Comida e sentimentos
Minha relação com a comida e com os sentimentos que brotam a partir disso é antiga. Quando criança, eu adorava observar minha mãe preparar o almoço, de sentir os cheiros que saíam das panelas, de olhar seus movimentos, seu ir e vir. Era meu jeito de me sentir próxima. Nossa relação não se construiu pelos abraços, beijos e olhares afetuosos, mas pelo bolo pão de ló, pelos bifes suculentos, pelo suflê.

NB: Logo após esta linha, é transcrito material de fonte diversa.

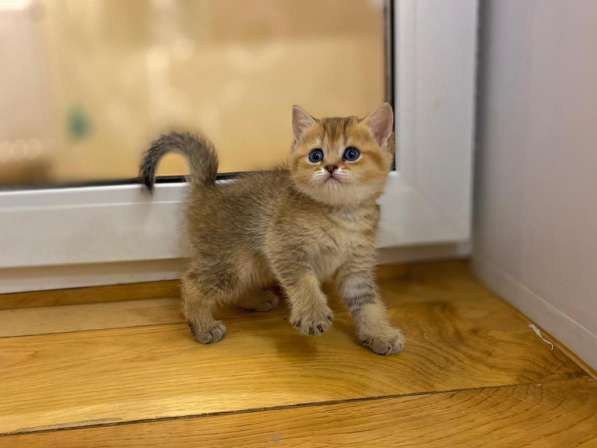 Bkh kitten (Британский короткошёрстный котята) в фото 7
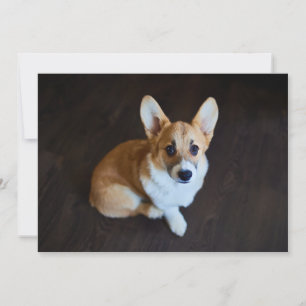 Kutest Baby Animals Corgi die omhoog kijkt Bedankkaart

Nunca fui cozinheira exímia – ou pelo menos não me sentia assim. Mas essa história mudou quando meus filhos gêmeos, Clara e Lucas, nasceram, em 2009. Eu queria que eles construíssem a mesma relação que eu tinha com a comida; que percebessem ali a nutrição não apenas do corpo, mas também da alma. Então, segui para a cozinha e de prato em prato sentia que algo forte acontecia quando eu preparava o jantar ou fazia um bolo. Era intenso, nascia dentro de mim e queria ganhar mundo. Eu misturava a farinha com os ovos e meus pensamentos se acalmavam; aspirava o aroma intenso do caju virando suco e cenas da minha infância vinham à tona; tirava o suflê de milho do forno e me transportava para a cozinha da minha mãe.
Nutrir corpo e alma
Foi então que entendi que comida não tem só a ver com nutrir o corpo, mas também a alma. É reconhecer no prato do almoço, no bolo, no aroma da carne sendo preparada, amor, afeto, carinho. É a minha comida, mas é também a minha história. Então, hoje, quando as pessoas falam em “cozinha de afeto”, fico com receio desse lugar que tentam coloca-la, do marketing. A cozinha não diz respeito apenas aos ingredientes que estou usando, aos livros e programas que brotam todos os dias prometendo uma maneira de preparar seu alimento de um jeito diferente, as cores dos armários, ao fogão ou a geladeira incríveis. A cozinha de afeto é tão maior que isso.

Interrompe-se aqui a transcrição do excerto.